:: DESCRIPTION OF THE TASK ::
Every entry, from first to last, is to be retyped without any alteration.

━━━━━━

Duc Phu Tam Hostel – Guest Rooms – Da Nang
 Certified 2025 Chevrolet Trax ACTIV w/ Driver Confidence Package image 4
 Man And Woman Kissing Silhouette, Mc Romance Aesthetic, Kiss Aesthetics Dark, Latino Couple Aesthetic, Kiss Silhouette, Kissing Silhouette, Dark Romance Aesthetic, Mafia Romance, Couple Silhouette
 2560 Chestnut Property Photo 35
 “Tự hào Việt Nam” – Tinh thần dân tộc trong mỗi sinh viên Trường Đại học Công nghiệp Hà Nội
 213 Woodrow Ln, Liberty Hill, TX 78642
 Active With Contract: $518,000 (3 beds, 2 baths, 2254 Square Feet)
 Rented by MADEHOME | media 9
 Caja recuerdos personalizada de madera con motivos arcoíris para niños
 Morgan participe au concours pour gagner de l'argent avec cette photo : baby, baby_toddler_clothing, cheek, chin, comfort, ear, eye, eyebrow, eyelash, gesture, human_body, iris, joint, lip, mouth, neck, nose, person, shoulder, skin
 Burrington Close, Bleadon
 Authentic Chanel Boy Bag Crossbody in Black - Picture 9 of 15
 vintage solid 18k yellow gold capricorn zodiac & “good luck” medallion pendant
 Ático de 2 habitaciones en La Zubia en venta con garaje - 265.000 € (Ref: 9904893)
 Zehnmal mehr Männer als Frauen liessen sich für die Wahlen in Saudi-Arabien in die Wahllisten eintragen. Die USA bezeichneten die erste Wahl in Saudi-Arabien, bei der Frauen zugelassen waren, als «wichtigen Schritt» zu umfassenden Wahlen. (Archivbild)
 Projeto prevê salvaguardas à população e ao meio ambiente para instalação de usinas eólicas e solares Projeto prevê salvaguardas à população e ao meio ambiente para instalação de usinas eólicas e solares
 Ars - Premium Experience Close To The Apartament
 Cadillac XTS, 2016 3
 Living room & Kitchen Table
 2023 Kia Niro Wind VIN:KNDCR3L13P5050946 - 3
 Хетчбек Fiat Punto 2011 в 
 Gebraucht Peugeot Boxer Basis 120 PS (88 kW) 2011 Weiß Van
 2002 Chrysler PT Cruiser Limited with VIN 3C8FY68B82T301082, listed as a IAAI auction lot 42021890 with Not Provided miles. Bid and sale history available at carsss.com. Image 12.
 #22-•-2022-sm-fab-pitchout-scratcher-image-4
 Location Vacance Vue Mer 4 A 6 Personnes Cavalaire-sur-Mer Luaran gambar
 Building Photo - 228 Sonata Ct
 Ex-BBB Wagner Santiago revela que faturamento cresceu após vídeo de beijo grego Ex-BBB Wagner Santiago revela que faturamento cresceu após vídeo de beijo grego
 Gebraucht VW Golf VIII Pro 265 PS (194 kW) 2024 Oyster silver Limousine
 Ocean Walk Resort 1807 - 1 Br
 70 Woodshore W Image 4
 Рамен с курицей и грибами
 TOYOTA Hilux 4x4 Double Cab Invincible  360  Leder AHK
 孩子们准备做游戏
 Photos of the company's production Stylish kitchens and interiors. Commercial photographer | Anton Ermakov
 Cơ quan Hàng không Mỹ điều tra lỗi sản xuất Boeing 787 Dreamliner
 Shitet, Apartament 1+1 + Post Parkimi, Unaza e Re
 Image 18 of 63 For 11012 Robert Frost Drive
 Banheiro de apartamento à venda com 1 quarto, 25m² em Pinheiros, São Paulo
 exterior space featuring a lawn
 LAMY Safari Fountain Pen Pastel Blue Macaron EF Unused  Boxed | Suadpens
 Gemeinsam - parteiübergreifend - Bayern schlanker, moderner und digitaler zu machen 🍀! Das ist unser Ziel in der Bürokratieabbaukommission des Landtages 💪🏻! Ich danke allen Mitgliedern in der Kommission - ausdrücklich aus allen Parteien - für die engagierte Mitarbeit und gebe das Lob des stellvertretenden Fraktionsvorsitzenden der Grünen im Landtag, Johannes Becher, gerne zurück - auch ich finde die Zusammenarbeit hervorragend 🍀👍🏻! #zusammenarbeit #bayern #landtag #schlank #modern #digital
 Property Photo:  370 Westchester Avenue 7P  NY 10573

━━━━━━

:: YOUR SOLUTION ::
Duc Phu Tam Hostel – Guest Rooms – Da Nang
 Certified 2025 Chevrolet Trax ACTIV w/ Driver Confidence Package image 4
 Man And Woman Kissing Silhouette, Mc Romance Aesthetic, Kiss Aesthetics Dark, Latino Couple Aesthetic, Kiss Silhouette, Kissing Silhouette, Dark Romance Aesthetic, Mafia Romance, Couple Silhouette
 2560 Chestnut Property Photo 35
 “Tự hào Việt Nam” – Tinh thần dân tộc trong mỗi sinh viên Trường Đại học Công nghiệp Hà Nội
 213 Woodrow Ln, Liberty Hill, TX 78642
 Active With Contract: $518,000 (3 beds, 2 baths, 2254 Square Feet)
 Rented by MADEHOME | media 9
 Caja recuerdos personalizada de madera con motivos arcoíris para niños
 Morgan participe au concours pour gagner de l'argent avec cette photo : baby, baby_toddler_clothing, cheek, chin, comfort, ear, eye, eyebrow, eyelash, gesture, human_body, iris, joint, lip, mouth, neck, nose, person, shoulder, skin
 Burrington Close, Bleadon
 Authentic Chanel Boy Bag Crossbody in Black - Picture 9 of 15
 vintage solid 18k yellow gold capricorn zodiac & “good luck” medallion pendant
 Ático de 2 habitaciones en La Zubia en venta con garaje - 265.000 € (Ref: 9904893)
 Zehnmal mehr Männer als Frauen liessen sich für die Wahlen in Saudi-Arabien in die Wahllisten eintragen. Die USA bezeichneten die erste Wahl in Saudi-Arabien, bei der Frauen zugelassen waren, als «wichtigen Schritt» zu umfassenden Wahlen. (Archivbild)
 Projeto prevê salvaguardas à população e ao meio ambiente para instalação de usinas eólicas e solares Projeto prevê salvaguardas à população e ao meio ambiente para instalação de usinas eólicas e solares
 Ars - Premium Experience Close To The Apartament
 Cadillac XTS, 2016 3
 Living room & Kitchen Table
 2023 Kia Niro Wind VIN:KNDCR3L13P5050946 - 3
 Хетчбек Fiat Punto 2011 в 
 Gebraucht Peugeot Boxer Basis 120 PS (88 kW) 2011 Weiß Van
 2002 Chrysler PT Cruiser Limited with VIN 3C8FY68B82T301082, listed as a IAAI auction lot 42021890 with Not Provided miles. Bid and sale history available at carsss.com. Image 12.
 #22-•-2022-sm-fab-pitchout-scratcher-image-4
 Location Vacance Vue Mer 4 A 6 Personnes Cavalaire-sur-Mer Luaran gambar
 Building Photo - 228 Sonata Ct
 Ex-BBB Wagner Santiago revela que faturamento cresceu após vídeo de beijo grego Ex-BBB Wagner Santiago revela que faturamento cresceu após vídeo de beijo grego
 Gebraucht VW Golf VIII Pro 265 PS (194 kW) 2024 Oyster silver Limousine
 Ocean Walk Resort 1807 - 1 Br
 70 Woodshore W Image 4
 Рамен с курицей и грибами
 TOYOTA Hilux 4x4 Double Cab Invincible  360  Leder AHK
 孩子们准备做游戏
 Photos of the company's production Stylish kitchens and interiors. Commercial photographer | Anton Ermakov
 Cơ quan Hàng không Mỹ điều tra lỗi sản xuất Boeing 787 Dreamliner
 Shitet, Apartament 1+1 + Post Parkimi, Unaza e Re
 Image 18 of 63 For 11012 Robert Frost Drive
 Banheiro de apartamento à venda com 1 quarto, 25m² em Pinheiros, São Paulo
 exterior space featuring a lawn
 LAMY Safari Fountain Pen Pastel Blue Macaron EF Unused  Boxed | Suadpens
 Gemeinsam - parteiübergreifend - Bayern schlanker, moderner und digitaler zu machen 🍀! Das ist unser Ziel in der Bürokratieabbaukommission des Landtages 💪🏻! Ich danke allen Mitgliedern in der Kommission - ausdrücklich aus allen Parteien - für die engagierte Mitarbeit und gebe das Lob des stellvertretenden Fraktionsvorsitzenden der Grünen im Landtag, Johannes Becher, gerne zurück - auch ich finde die Zusammenarbeit hervorragend 🍀👍🏻! #zusammenarbeit #bayern #landtag #schlank #modern #digital
 Property Photo:  370 Westchester Avenue 7P  NY 10573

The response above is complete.